Esther: What role does CPST play in combating and improving areas in the child welfare system? 

Carly: I think CPST has a lot of potential. 

I’m trying to see more black, brown and immigrant people  involved in child welfare, but specifically within mental health. My goal is to advocate for more people with actual lived experience to become child welfare system providers.   People who have  been through the foster care system who had medical treatment that didn’t work for them and who have a deep interest in justice and equity and who see themselves as change makers. ,

Esther: What hopes do you have for the welfare system? 

Carly: I want it to see where it’s enabling and perpetuating discriminatory, racist and other kinds of damaging practices and change it.  

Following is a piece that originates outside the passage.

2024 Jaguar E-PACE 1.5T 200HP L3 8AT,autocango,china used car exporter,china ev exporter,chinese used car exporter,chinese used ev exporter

I hope that child welfare becomes a lot more centered around restorative justice. Having children and families together working together. If we’re going to have child welfare, what if we changed or allotted our financial resources away from paying foster families and we put all that money into our bio families? 

What if, instead of having a whole entity within our state government that takes children away from their families, there were respite facilities for families in their communities where there’s a whole comprehensive plan? These things are being done, but it’s not being translated to child welfare.  I think it’s time for the child welfare system to grow and evolve and really support the communities we serve.